Brought to you by NumFOCUS Foundation and O’Reilly Media
The official Jupyter Conference
Aug 21-22, 2018: Training
Aug 22-24, 2018: Tutorials & Conference
New York, NY

Scalable Data Science: Using Jupyter with BeakerX and GPUs on DC/OS

Who is this presentation for?

Data Scientist, Developers, Architects interested in scalable ways to deploy Jupyter Notebooks.

Prerequisite knowledge

Basic understanding of Jupyter notebooks is recommended.

What you'll learn

JupyterLab provides a complete, simple to set up workspace for data scientists.

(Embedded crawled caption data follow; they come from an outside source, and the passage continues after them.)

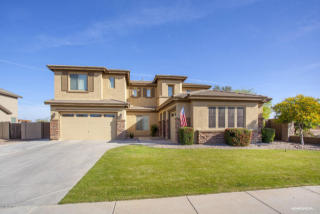 1984 Dubois Ave, Gilbert, AZ 85298-0831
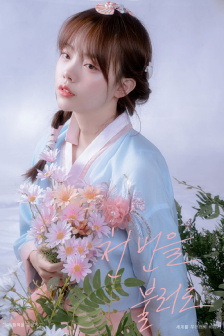 娇小的学生摘花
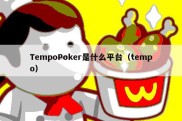 TempoPoker是什么平台（tempo）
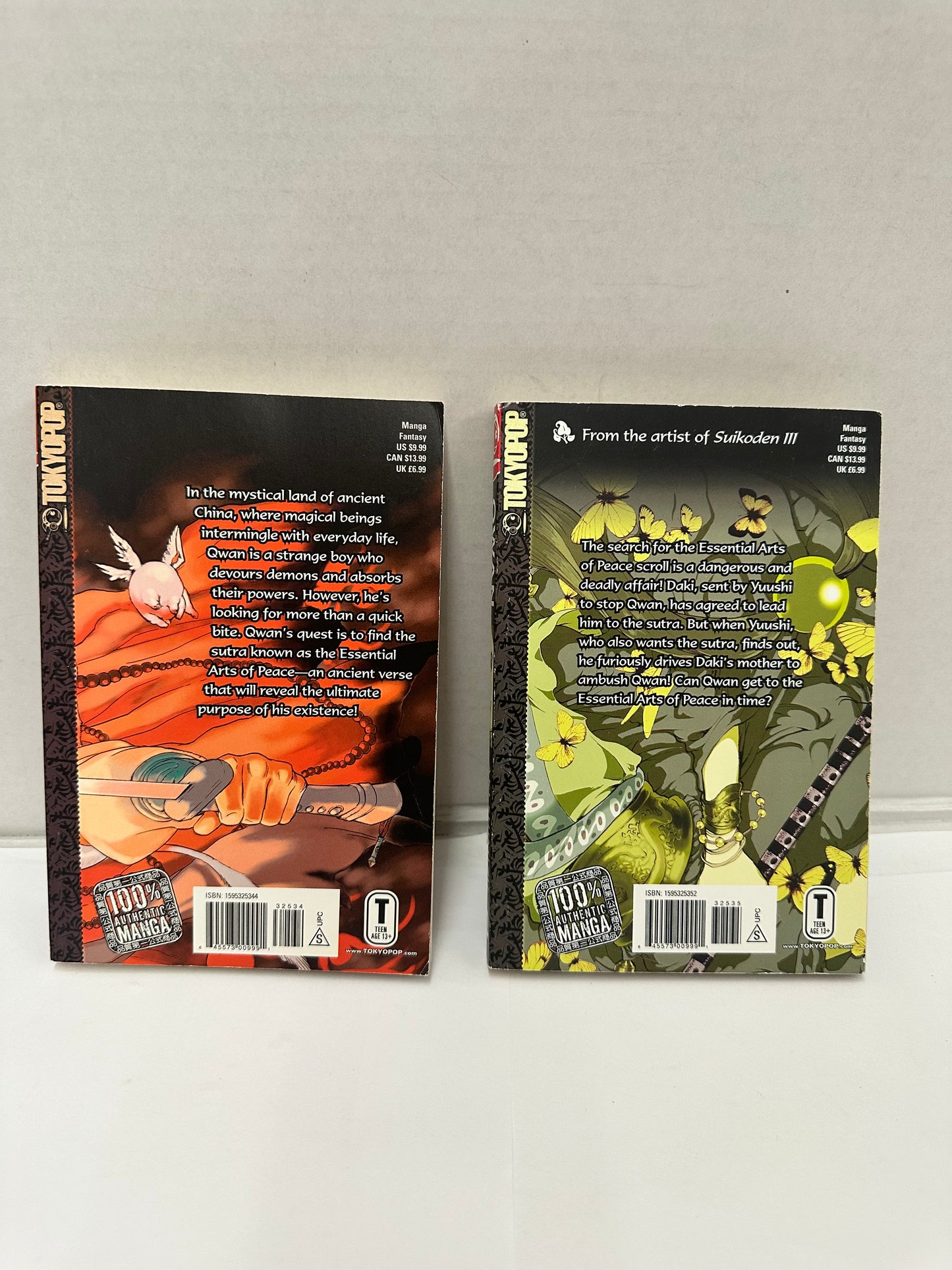 Qwan Manga Vol. 1&2 Manga English By: Aki Shimizu Tokyopop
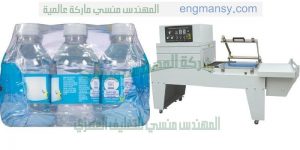 ماكينات شرنك اتوماتيك ونصف اتوماتيك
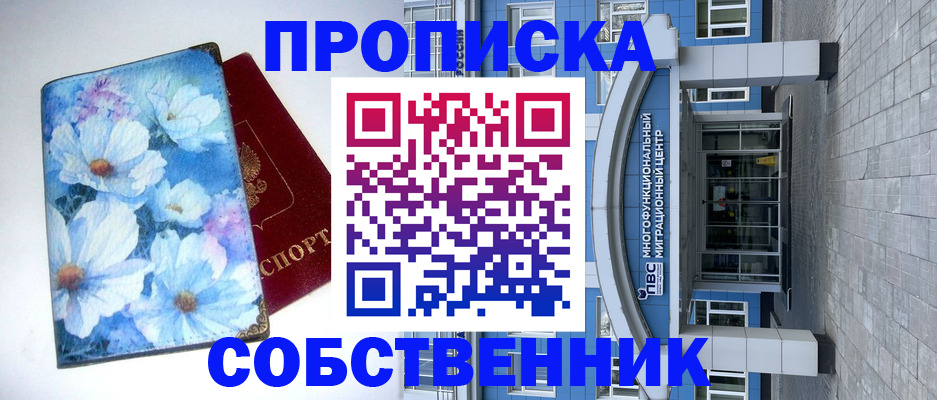 прописка 2025 в Карталах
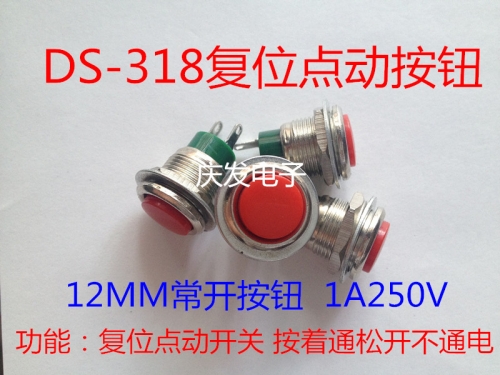 Mini button switch, 12MM button, DS-318 button switch, point action switch, reset switch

DC/OS provides a platform to provision Jupyter notebooks in a self-service, multi-tenant environment.

Description

JupyterLab Notebooks, especially with beakerX extensions provide a complete environment for data scientists to develop their models, but there are Infrastructure challenges that they must first surmount:

  • How can one provision Notebooks in a self-service manner with different requirements (imagine a data scientist requesting that a Notebook be provisioned with access to two GPUs and SSD-based storage).
  • How can we utilize a large and expensive compute cluster most efficiently between multiple data scientists and production workloads?
  • How can we move models from the exploratory analytics phase into a production-grade training and serving phase?

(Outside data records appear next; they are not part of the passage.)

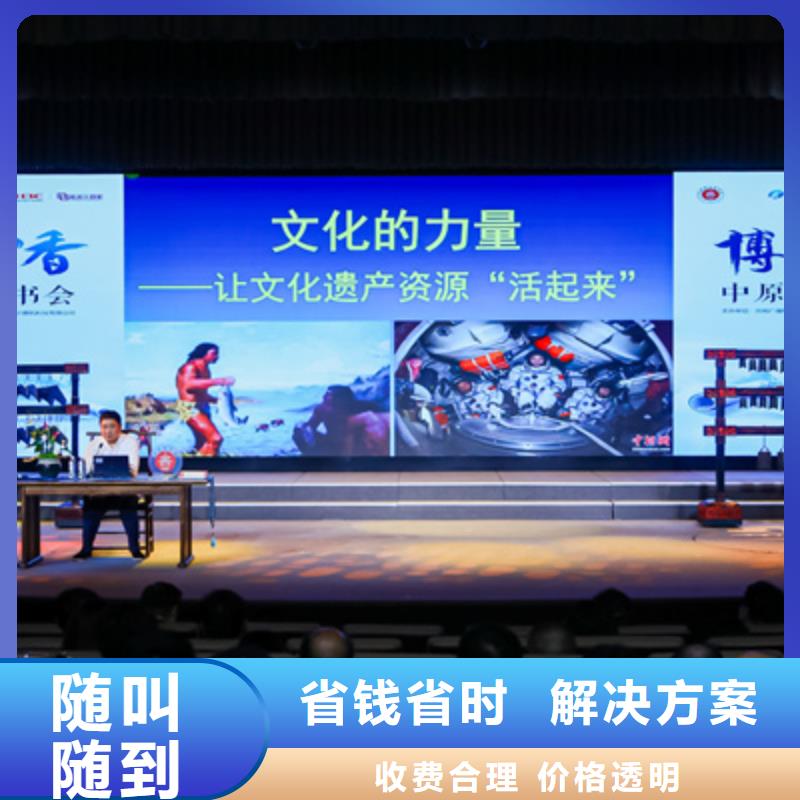 会议活动-大型庆典公司专业服务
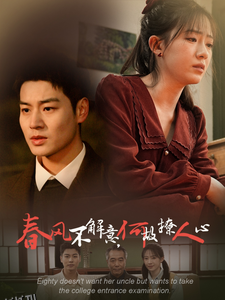 春风不解意何故撩人心 海报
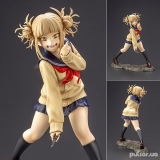 Оригінальна аніме фігурка ARTFX J My Hero Academia All Might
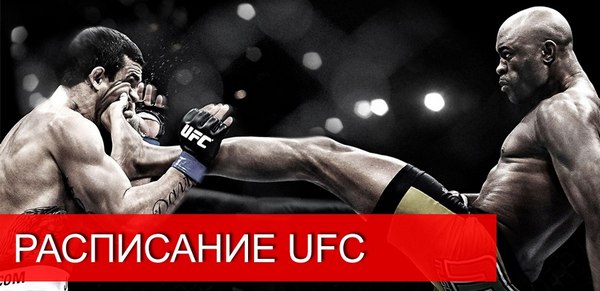 [PUNIQRANDLINE-(au-dating-names.txt) 57 Смешанные единоборства расписание боев [PUNIQRANDLINE-(au-dating-names.txt) 65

In this talk we will discuss a potential solution to these challenges with platform to provision Jupyter notebooks in a self-service, multi-tenant environment. By using Apache Mesos/DC/OS as the underlying cluster manager, we are able to keep the overall system very flexible (e.g., allowing simple provision of a range of Big Data Frameworks such as Apache Spark, Flink, or Cassandra) but still make very efficient use of the underlying infrastructure.